____ RECORDS SUPPLIED

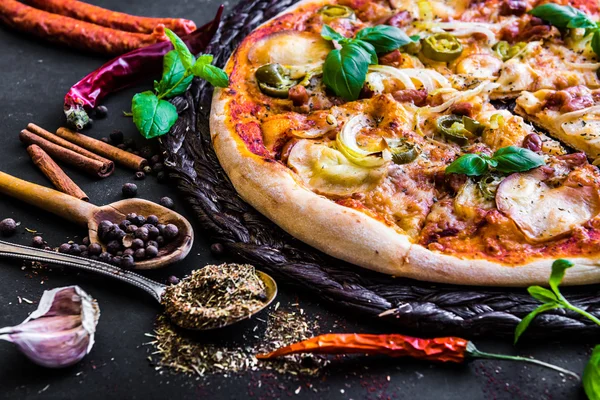 Dobrá pizza — Stock fotografie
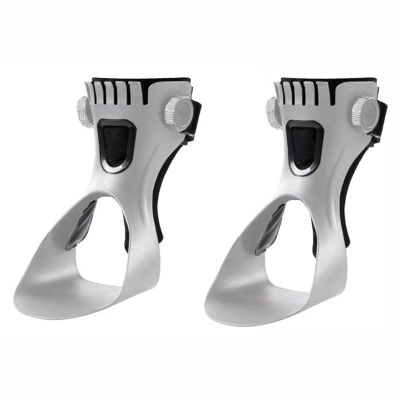 HYDTGZ Drop Foot Brace AFO Ankle-Foot Orthosis for Hemiplegia and Stroke, Gray, Left + Right, L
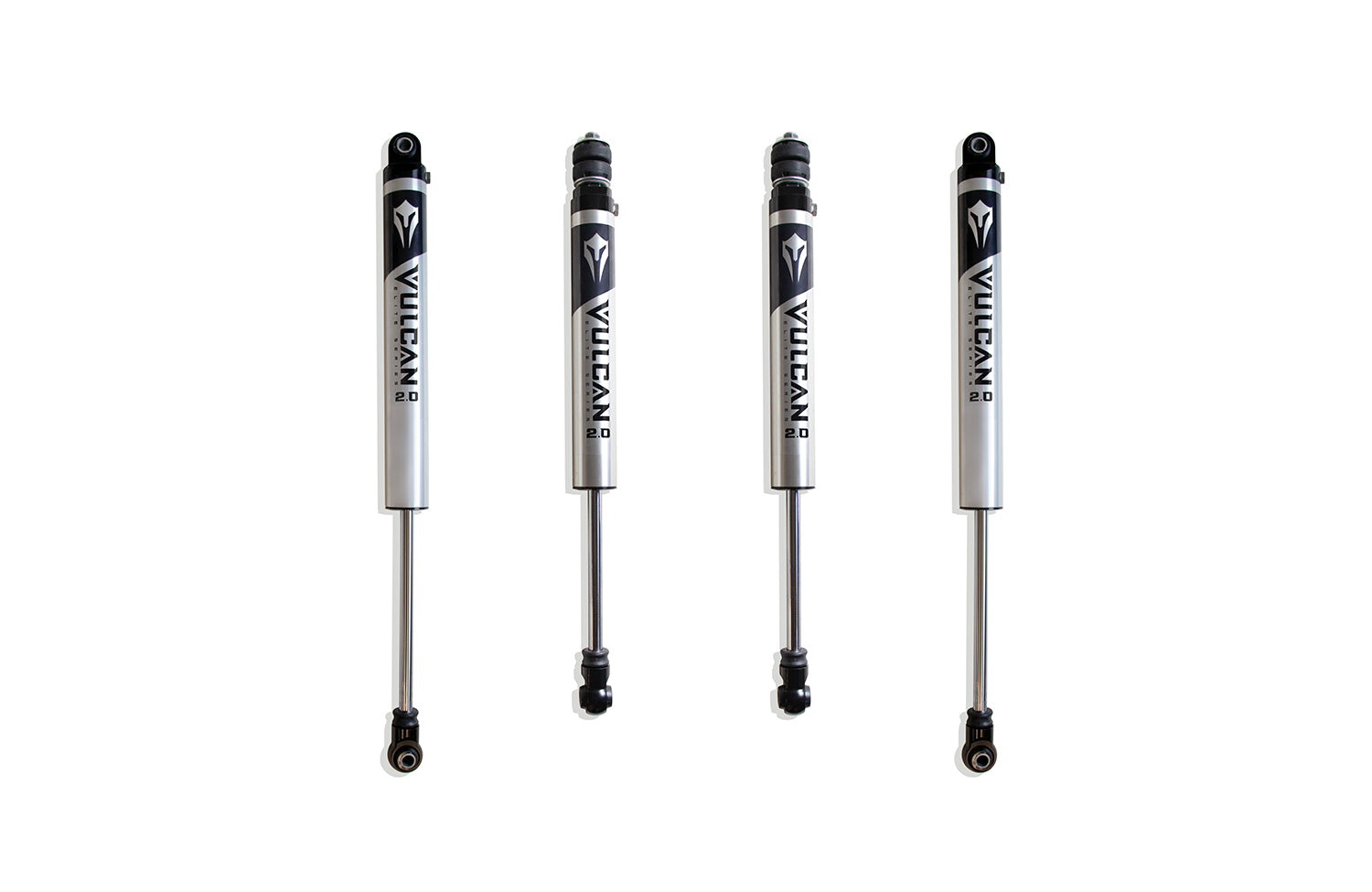 MaxTrac Suspension 2013-2024 Dodge Ram 3500 4WD 8" Front & Rear Vulcan Series Shocks 947380V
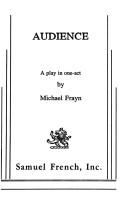 Cover of: Audience by Michael Frayn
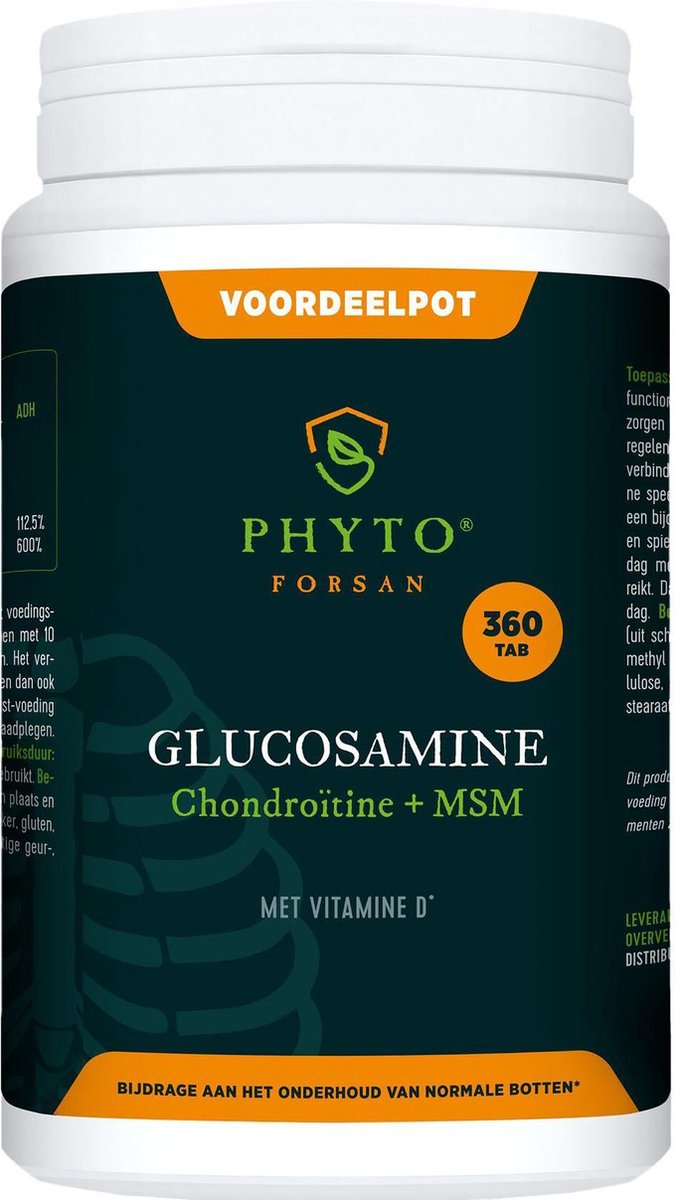 Glucosamine Chondroitine en MSM maxiverpakking 360 tabletten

________

* _WHAT THIS TASK INVOLVES_:
Set out nothing but the lines from the line with "Cover of: Audience by Michael Frayn" through the end of the material, reproduced exactly, both ends included, pictures omitted.

* _SOLUTION FOR THIS PROBLEM_:
 Cover of: Audience by Michael Frayn
 Glucosamine Chondroitine en MSM maxiverpakking 360 tabletten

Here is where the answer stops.